Web page caption snippets:
■ ■ ■

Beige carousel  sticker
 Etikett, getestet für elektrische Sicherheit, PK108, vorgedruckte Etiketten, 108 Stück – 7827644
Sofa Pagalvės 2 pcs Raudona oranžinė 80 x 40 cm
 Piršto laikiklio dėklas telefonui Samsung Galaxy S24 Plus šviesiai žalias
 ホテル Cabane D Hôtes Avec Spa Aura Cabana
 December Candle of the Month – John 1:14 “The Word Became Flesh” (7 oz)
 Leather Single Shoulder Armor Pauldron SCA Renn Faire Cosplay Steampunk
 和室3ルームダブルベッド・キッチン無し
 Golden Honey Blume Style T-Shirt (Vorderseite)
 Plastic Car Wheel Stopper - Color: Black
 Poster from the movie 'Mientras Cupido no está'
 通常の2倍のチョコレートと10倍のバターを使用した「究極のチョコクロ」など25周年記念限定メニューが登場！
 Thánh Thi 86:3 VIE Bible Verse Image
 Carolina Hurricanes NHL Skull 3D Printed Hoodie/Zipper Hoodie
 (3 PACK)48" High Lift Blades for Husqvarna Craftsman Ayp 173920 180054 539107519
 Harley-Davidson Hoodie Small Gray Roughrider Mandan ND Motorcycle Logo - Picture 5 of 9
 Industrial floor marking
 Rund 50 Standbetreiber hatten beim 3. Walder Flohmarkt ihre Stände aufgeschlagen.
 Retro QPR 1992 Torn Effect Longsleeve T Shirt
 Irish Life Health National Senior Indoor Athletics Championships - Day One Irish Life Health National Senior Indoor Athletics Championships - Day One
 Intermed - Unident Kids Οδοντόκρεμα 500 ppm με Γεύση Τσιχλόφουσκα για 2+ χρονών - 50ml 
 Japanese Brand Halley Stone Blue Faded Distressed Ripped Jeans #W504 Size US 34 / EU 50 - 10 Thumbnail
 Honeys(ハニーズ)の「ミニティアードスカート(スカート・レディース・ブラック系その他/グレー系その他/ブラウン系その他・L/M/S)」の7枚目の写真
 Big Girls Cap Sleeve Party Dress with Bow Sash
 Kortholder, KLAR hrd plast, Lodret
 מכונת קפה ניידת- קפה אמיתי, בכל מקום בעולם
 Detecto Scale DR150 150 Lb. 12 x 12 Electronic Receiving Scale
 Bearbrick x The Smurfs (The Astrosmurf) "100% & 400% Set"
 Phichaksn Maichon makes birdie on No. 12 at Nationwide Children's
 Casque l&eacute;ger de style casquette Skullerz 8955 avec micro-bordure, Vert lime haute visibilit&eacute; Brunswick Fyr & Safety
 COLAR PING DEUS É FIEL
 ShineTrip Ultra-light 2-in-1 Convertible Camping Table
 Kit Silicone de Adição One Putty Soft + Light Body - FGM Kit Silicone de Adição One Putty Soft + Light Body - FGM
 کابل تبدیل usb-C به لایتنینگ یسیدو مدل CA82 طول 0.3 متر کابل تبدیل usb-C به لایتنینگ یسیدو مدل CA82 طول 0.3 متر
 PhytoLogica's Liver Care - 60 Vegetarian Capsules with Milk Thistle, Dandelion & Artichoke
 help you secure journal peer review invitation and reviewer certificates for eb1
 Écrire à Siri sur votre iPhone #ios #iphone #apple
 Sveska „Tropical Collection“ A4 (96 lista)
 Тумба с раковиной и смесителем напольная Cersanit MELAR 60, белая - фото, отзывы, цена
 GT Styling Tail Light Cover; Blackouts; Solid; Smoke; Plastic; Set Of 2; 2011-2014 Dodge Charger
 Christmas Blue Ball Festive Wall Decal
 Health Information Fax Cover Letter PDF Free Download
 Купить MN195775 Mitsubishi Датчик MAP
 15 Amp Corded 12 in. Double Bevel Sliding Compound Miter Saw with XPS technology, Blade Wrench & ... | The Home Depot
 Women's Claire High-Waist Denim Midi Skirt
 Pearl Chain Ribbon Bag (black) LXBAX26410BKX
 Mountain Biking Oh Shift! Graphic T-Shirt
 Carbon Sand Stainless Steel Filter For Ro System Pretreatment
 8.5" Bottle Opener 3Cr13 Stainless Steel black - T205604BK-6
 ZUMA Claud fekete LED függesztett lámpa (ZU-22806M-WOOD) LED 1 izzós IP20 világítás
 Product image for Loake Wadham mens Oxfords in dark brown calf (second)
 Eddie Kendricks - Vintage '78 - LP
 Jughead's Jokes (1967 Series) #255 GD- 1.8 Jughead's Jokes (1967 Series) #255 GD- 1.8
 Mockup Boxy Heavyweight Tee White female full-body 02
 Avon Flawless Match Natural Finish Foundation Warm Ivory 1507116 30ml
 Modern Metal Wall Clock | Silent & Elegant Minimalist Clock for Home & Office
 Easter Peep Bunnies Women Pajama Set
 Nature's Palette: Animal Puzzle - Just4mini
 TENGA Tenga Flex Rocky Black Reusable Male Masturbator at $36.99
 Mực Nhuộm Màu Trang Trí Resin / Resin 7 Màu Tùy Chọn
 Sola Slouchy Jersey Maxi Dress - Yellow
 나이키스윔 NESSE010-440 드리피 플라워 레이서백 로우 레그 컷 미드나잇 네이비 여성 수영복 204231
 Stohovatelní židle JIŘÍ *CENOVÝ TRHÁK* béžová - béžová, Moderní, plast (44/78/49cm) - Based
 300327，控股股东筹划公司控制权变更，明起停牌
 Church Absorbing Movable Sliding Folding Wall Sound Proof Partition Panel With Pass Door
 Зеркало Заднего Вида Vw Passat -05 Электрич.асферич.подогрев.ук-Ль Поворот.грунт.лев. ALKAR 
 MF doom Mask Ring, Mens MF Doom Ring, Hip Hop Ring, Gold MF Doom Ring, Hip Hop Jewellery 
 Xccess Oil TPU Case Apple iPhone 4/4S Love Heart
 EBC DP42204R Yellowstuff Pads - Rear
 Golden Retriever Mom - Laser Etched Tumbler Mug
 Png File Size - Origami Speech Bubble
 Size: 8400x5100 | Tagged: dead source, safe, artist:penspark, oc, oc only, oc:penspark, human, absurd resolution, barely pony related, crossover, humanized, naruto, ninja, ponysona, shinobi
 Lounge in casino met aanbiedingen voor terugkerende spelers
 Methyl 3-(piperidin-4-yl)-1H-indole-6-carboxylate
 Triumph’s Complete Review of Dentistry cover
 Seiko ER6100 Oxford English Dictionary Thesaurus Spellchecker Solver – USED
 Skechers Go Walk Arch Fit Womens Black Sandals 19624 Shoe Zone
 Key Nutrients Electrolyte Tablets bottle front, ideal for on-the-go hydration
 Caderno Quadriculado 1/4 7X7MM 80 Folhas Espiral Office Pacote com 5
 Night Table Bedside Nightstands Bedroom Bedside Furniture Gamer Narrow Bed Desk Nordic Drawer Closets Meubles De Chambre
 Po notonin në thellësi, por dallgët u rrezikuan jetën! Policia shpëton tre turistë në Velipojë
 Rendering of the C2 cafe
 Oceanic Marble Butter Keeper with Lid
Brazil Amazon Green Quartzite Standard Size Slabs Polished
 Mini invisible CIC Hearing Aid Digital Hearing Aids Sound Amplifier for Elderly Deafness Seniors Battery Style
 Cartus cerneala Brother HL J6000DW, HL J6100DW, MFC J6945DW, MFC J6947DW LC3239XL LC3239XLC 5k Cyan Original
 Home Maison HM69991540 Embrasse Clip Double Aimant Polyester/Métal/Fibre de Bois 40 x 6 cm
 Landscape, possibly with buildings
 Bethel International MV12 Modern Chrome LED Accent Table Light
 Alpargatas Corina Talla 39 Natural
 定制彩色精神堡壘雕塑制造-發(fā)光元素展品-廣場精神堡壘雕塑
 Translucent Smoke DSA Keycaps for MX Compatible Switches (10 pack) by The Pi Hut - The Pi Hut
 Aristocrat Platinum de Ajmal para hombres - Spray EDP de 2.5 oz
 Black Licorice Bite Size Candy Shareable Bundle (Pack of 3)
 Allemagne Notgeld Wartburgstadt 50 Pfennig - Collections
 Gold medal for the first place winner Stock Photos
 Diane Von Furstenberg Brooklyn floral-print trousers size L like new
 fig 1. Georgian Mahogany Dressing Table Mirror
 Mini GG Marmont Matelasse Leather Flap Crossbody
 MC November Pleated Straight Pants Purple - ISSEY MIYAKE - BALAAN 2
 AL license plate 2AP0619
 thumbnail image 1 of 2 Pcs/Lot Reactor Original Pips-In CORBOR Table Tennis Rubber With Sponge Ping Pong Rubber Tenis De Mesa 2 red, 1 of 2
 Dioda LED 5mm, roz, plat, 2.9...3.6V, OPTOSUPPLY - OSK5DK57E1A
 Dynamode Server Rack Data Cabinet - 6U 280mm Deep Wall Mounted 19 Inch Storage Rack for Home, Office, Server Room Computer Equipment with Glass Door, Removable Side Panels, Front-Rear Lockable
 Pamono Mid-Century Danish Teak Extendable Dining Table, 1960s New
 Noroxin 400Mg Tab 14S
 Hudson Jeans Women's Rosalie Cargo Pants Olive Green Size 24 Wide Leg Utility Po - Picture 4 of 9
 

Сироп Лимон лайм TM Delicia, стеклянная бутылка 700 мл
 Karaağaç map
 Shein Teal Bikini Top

■ ■ ■

▶ **What is required**
Set out exactly the run of lines that begins at the line holding "MC November Pleated" and ends at the last line of the data.

▶ **Answer to the exercise**
 MC November Pleated Straight Pants Purple - ISSEY MIYAKE - BALAAN 2
 AL license plate 2AP0619
 thumbnail image 1 of 2 Pcs/Lot Reactor Original Pips-In CORBOR Table Tennis Rubber With Sponge Ping Pong Rubber Tenis De Mesa 2 red, 1 of 2
 Dioda LED 5mm, roz, plat, 2.9...3.6V, OPTOSUPPLY - OSK5DK57E1A
 Dynamode Server Rack Data Cabinet - 6U 280mm Deep Wall Mounted 19 Inch Storage Rack for Home, Office, Server Room Computer Equipment with Glass Door, Removable Side Panels, Front-Rear Lockable
 Pamono Mid-Century Danish Teak Extendable Dining Table, 1960s New
 Noroxin 400Mg Tab 14S
 Hudson Jeans Women's Rosalie Cargo Pants Olive Green Size 24 Wide Leg Utility Po - Picture 4 of 9
 

Сироп Лимон лайм TM Delicia, стеклянная бутылка 700 мл
 Karaağaç map
 Shein Teal Bikini Top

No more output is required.